Why this matters:  traffic=ad revenues.  Scraping gets riskier.

Last month, the New York Times Corporation settled a suit brought by Gatehouse Media Inc., which runs websites for 125 Massachusetts newspapers.  The NYT\’s Boston Globe was essentially scraping the Gatehouse sites.

Technically (and this distinction is important), the Globe site was returning readers TO the page of the article.  Gatehouse complained that readers were bypassing the ads on the home page.  This is interesting.

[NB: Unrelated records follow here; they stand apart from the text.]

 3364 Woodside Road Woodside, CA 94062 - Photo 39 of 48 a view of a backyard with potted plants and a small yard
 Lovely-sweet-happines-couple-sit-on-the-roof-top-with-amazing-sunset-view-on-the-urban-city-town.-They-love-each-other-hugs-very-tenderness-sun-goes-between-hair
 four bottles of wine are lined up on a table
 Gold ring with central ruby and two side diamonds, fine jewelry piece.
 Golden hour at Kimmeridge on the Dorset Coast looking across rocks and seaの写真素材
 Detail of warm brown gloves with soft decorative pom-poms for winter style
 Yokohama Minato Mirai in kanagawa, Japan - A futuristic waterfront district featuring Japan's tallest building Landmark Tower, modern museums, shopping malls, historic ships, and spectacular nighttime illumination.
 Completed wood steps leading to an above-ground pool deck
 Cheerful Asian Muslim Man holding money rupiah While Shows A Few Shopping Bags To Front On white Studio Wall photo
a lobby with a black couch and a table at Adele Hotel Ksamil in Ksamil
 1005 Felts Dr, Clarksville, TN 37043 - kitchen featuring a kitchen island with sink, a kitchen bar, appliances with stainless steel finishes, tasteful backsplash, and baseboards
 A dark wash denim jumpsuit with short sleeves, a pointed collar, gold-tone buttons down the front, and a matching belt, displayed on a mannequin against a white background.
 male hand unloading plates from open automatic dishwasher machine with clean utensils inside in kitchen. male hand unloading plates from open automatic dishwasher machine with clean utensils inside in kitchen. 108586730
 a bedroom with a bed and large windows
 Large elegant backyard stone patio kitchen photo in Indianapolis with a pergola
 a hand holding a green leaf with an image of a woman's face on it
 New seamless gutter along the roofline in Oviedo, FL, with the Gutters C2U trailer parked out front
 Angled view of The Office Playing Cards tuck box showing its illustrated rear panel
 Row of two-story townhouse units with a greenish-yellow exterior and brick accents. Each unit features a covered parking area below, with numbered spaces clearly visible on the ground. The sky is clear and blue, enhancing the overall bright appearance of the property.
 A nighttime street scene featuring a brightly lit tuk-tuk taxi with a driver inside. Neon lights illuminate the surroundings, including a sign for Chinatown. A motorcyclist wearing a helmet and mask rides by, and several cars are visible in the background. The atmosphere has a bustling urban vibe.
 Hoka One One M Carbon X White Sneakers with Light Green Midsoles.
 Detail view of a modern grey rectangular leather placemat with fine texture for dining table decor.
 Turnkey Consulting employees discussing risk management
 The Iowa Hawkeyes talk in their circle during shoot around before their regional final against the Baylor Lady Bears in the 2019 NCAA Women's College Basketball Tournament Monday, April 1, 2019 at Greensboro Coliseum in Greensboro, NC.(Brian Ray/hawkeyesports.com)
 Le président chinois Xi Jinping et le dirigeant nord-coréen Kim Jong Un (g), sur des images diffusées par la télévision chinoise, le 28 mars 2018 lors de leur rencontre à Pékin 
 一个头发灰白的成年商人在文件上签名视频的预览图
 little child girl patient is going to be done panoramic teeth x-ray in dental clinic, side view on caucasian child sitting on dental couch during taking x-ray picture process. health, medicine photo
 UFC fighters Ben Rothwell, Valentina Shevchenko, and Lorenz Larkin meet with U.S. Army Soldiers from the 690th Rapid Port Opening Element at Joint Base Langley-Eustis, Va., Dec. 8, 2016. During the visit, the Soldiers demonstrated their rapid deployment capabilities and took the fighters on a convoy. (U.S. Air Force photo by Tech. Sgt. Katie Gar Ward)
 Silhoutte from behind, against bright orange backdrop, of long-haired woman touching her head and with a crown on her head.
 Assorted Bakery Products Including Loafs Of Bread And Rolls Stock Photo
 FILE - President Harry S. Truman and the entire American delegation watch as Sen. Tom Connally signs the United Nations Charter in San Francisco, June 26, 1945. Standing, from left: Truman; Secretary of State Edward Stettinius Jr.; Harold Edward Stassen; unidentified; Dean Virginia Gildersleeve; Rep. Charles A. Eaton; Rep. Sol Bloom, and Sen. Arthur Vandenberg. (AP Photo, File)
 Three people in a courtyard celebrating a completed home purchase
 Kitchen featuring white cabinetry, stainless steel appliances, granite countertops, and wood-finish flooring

Intuitively, one would think that a large number of readers who were returned to the Gatehouse site (albeit at a subsidiary page) would in fact go to the gatehouse homepage.  But no, Gatehouse wanted more (rightly or wrongly).  It also turns out that Gatehouse could figure out how to block this process, which probably led to theNYT offering to settle–so as to avoid case law that goes against them.

So what?

Sites regularly scrape or otherwise link to other sites–usually to the subsidiary pages.  We get a lot of people asking of us if they can do it.  Well, this case—though settled and therefore not an opinion for purposes of precedent–suggests (to no one\’s surprise) that doing so will subject you to legal challenge that will cost a lot to defend.

It makes sense, too.  Again, no opinion as to whether it is right or wrong, legal or not, but common sense should tell us that people who own the rights and go to the trouble of posting content where they want it posted should be able to control access to it.

Of course, Google is another matter.

And, by the way, there is already case law in Europe iin support of Gatehouse\’s position, so where it is done will also make a difference.